◆ **DESCRIPTION OF THE TASK**: Return only the lines starting at the line that contains "זבוב פירות - צילום מוויקיפדיה" and ending with the final line of the listing; include both endpoints.

◆ **RECORD EXCERPTS**:
----------

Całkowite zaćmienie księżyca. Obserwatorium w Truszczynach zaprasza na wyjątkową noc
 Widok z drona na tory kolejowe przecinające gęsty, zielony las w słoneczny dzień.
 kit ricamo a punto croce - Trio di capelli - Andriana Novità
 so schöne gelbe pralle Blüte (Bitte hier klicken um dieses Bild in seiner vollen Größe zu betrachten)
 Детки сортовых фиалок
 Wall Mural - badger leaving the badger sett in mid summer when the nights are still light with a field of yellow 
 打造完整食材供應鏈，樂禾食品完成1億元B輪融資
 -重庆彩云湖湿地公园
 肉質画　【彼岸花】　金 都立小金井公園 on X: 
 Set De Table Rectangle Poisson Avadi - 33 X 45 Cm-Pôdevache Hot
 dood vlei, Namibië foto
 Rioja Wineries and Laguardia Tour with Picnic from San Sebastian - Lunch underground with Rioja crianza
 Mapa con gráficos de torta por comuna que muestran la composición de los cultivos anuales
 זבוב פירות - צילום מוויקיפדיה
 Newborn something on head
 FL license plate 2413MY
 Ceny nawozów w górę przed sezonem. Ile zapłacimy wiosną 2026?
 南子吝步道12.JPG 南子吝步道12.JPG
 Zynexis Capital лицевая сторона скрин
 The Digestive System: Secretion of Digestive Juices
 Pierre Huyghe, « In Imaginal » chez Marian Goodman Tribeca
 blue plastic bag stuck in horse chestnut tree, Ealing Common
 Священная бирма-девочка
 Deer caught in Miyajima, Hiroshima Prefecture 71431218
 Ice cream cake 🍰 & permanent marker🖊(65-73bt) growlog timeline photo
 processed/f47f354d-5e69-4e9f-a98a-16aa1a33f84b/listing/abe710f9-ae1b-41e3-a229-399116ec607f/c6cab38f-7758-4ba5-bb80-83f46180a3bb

----------

◆ **TASK RESULT**:
 זבוב פירות - צילום מוויקיפדיה
 Newborn something on head
 FL license plate 2413MY
 Ceny nawozów w górę przed sezonem. Ile zapłacimy wiosną 2026?
 南子吝步道12.JPG 南子吝步道12.JPG
 Zynexis Capital лицевая сторона скрин
 The Digestive System: Secretion of Digestive Juices
 Pierre Huyghe, « In Imaginal » chez Marian Goodman Tribeca
 blue plastic bag stuck in horse chestnut tree, Ealing Common
 Священная бирма-девочка
 Deer caught in Miyajima, Hiroshima Prefecture 71431218
 Ice cream cake 🍰 & permanent marker🖊(65-73bt) growlog timeline photo
 processed/f47f354d-5e69-4e9f-a98a-16aa1a33f84b/listing/abe710f9-ae1b-41e3-a229-399116ec607f/c6cab38f-7758-4ba5-bb80-83f46180a3bb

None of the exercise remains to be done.